The invention forms a molecular imprinting polymerization layer on the surface of amorphous silica gel particles by a surface molecular imprinting technology, and obtains a hollow porous medium with binding sites similar to a taxane spatial structure by an erosion technology.
In some embodiments, the silica gel activation and modification treatment in step (1) specifically comprises: placing the amorphous silica gel particles in a dilute nitric acid solution with the concentration of 20-50 wt% for stirring, filtering, washing with pure water to be neutral, and drying to obtain activated amorphous silica gel particles A; and (3) adding the A into toluene, adding a silanization reagent for modification, washing with methanol and pure water, and drying to obtain modified silica gel particles B.
In order to form a stable molecularly imprinted polymeric layer on the surface of silica gel, a silanization reagent with double bond groups is grafted. In some embodiments, the silylation agent is one or more of vinyldimethylethoxysilane, vinyltrimethoxysilane, vinyltriethoxysilane, methacryloxypropyltrimethoxysilane and vinyltris (2-methoxyethoxy) silane, and the mass ratio of the silylation agent to the acid-activated silica gel is 1:30 to 1:10, preferably 1:15 to 1: 10.
In some embodiments, the amorphous silica gel particles have a particle size of 20-100 μm, such as 20 μm, 25 μm, 32 μm, 46 μm, 51 μm, 71 μm, 98 μm, 100 μm, and the like.
In some embodiments, the surface molecular imprinting treatment in step (2) is specifically: adding B into a pore-foaming agent, and adding a certain amount of template molecules, functional monomers, a cross-linking agent, cage-like silsesquioxane and an initiator, wherein the pore-foaming agent comprises the following components in parts by weight: 0.16-0.64% of template molecules, 0.12-0.48% of functional monomers, 0.8-2% of cross-linking agents, 0.04-0.2% of initiators, 0.05-0.5% of cage-like silsesquioxane reagents and the balance of pore-forming agents to 100%, ultrasonically mixing and degassing for 20-50min, treating for 5-24 h under the conditions of heating and stirring at 30-60 ℃, and filtering, washing and drying after the reaction is finished to obtain the surface molecularly imprinted polymeric material C.

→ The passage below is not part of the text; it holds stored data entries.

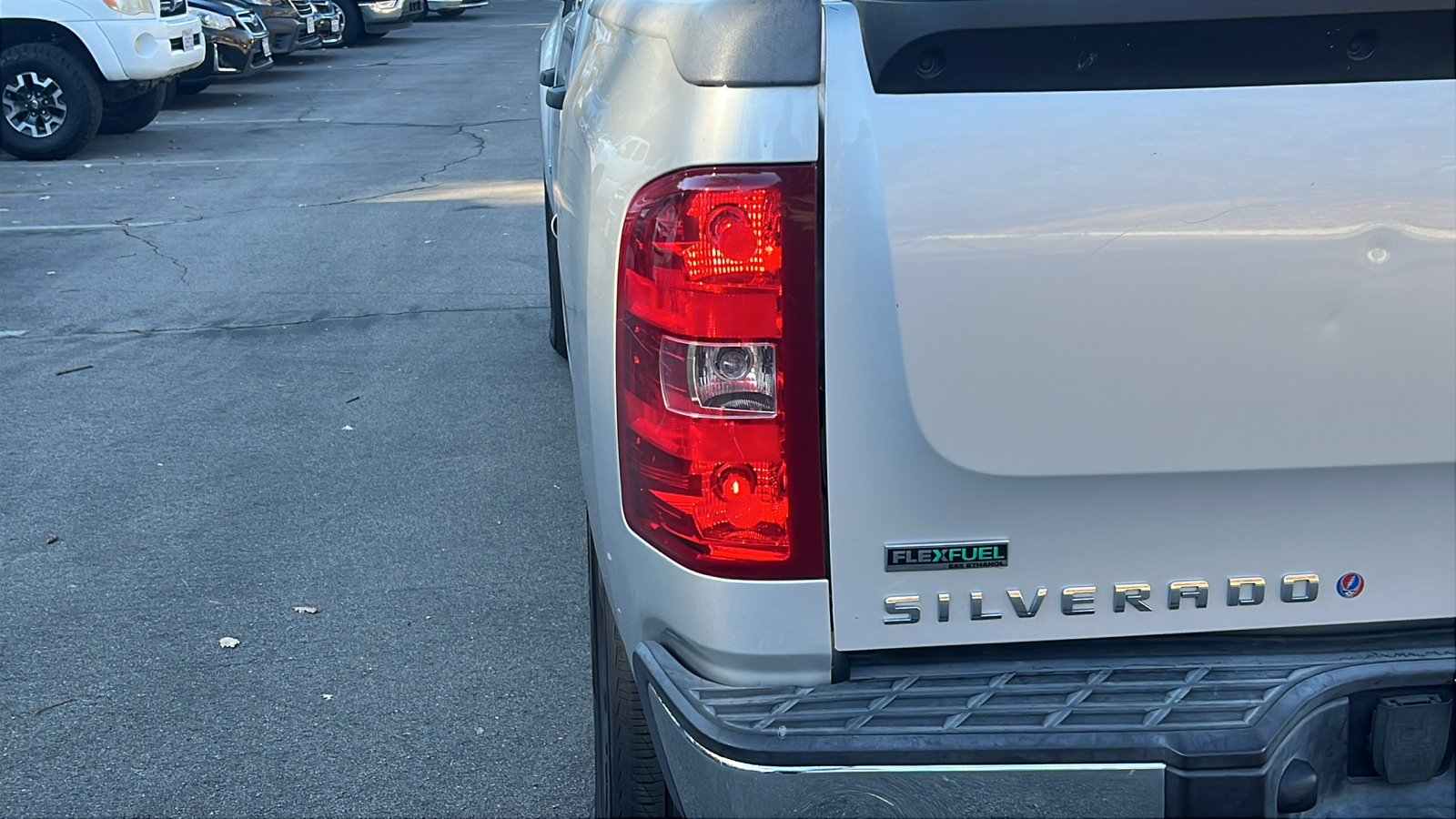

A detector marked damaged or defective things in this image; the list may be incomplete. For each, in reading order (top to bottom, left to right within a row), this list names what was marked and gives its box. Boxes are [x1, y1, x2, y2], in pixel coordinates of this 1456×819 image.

crack in asphalt [120, 224, 190, 285]
crack in asphalt [5, 303, 547, 340]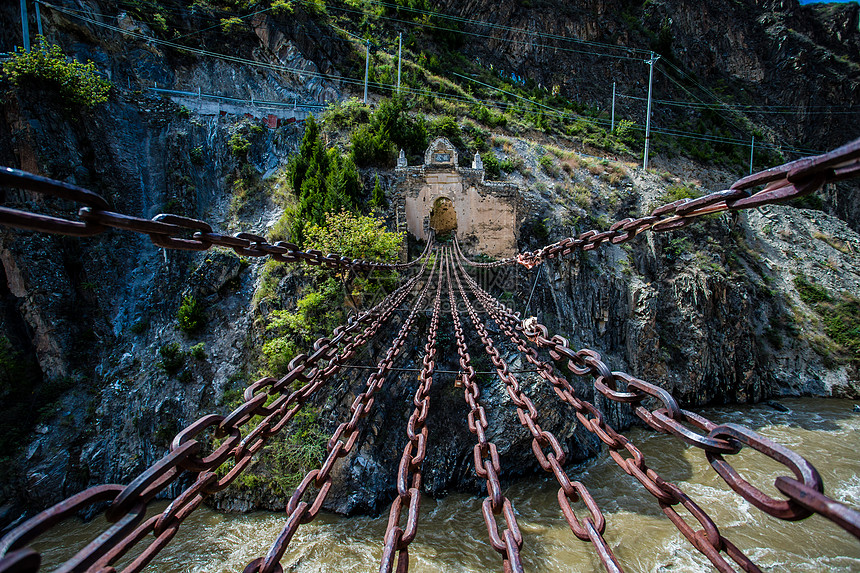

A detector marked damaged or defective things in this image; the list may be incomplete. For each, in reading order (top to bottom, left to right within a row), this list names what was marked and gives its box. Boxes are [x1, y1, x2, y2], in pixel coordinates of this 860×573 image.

rusty iron chain [0, 166, 430, 272]
rusty iron chain [0, 250, 430, 572]
rusty iron chain [245, 254, 440, 572]
rusty iron chain [378, 246, 444, 572]
rusty iron chain [444, 250, 524, 572]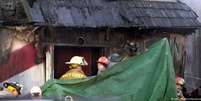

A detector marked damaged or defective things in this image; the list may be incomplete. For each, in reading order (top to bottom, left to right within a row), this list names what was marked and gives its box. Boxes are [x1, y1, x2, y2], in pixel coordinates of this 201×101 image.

damaged roof [1, 0, 201, 28]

In the process of bulk molecular imprinting polymerization, a polymerization monomer and a free radical initiator are added into a reaction solution to initiate double bond polymerization; the double bond polymerization can occur between the polymerized monomer groups grafted on the silica gel and between the polymerized monomer groups and the functional monomer or the cage-shaped silsesquioxane, so that the template molecules can be better embedded into the imprinting polymerization layer, and then the utilization rate of the imprinting binding sites is improved by utilizing the corrosion technology.

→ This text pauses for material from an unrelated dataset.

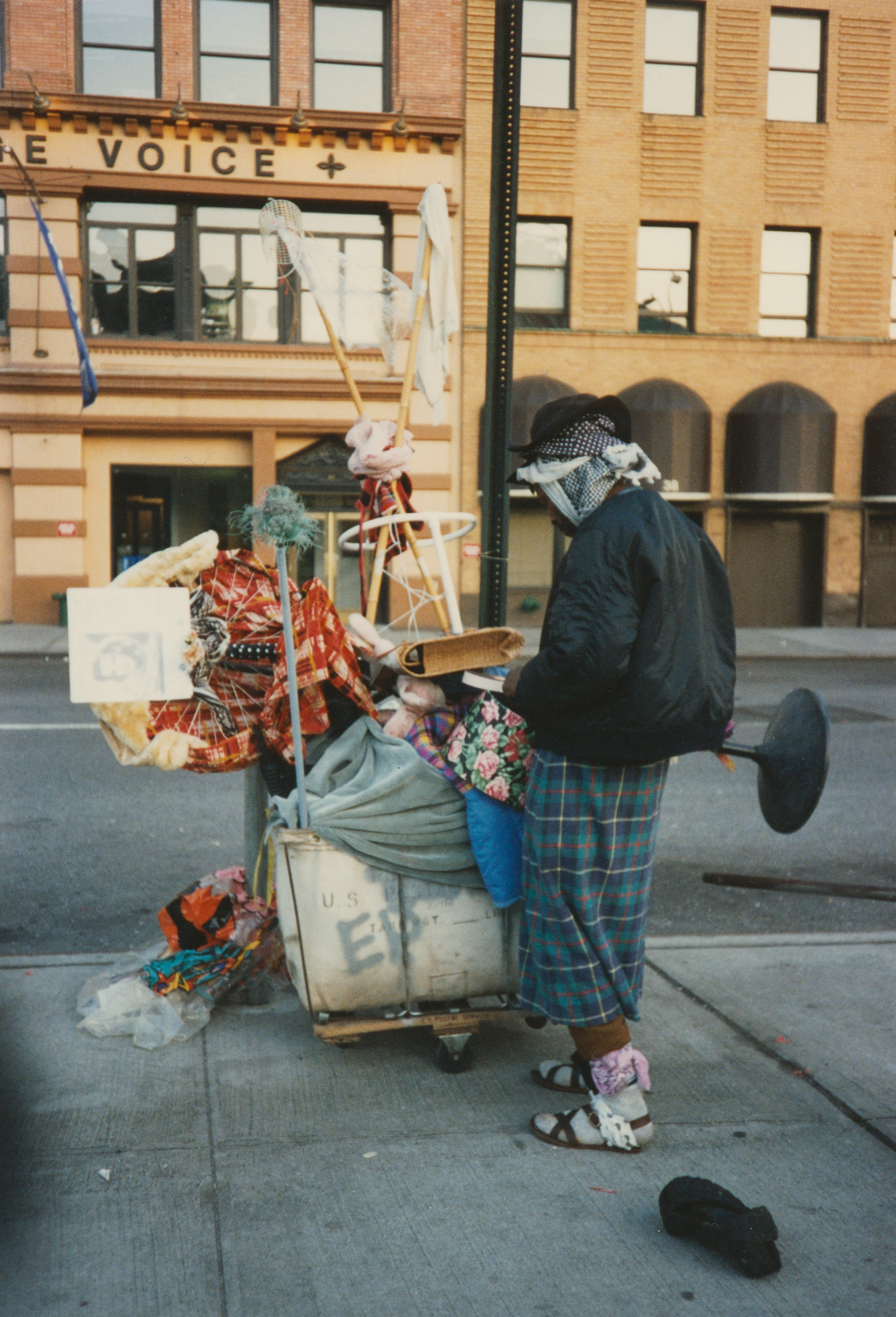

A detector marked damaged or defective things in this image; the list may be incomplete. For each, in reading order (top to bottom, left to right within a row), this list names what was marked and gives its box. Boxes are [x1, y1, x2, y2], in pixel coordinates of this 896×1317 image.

crack in sidewalk [643, 959, 896, 1153]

In some embodiments, the porogen is one or more of dichloromethane, chloroform, and toluene, preferably dichloromethane.
In some embodiments, the template molecule is one or more of 10-deacetylbaccatin III, baccatin III, paclitaxel, cephalomannine, and 7-epi-paclitaxel.
In some embodiments, the functional monomer is one or more of methacrylic acid, 2-vinylpyridine, 4-vinylpyridine, and acrylamide, preferably methacrylic acid.
In some embodiments, the crosslinking agent is one or more of ethylene glycol dimethacrylate, maleated rosin acrylate, trimethoxypropane trimethacrylate, and divinylbenzene, preferably ethylene glycol dimethacrylate; the mass ratio of the modified silica gel particles to the cross-linking agent is 1: 1-1: 4, and preferably 1: 1.5-1: 2.5. The initiator may be AIBN (azobisisobutyronitrile) or other commonly used initiators.
In some embodiments, the caged silsesquioxane reagent is one or more of octavinyl-POSS, phenyl-POSS, amino-POSS, preferably octavinyl-POSS.
In some embodiments, after the polymerization reaction is finished, the template molecules are eluted and recovered by using a mixed solution of methanol and acetic acid (V: V ═ 9:1) by using a combined mode of ultrasound and soxhlet extraction, and residual acetic acid is washed by using methanol to obtain the surface molecularly imprinted polymeric material with molecularly imprinted binding sites.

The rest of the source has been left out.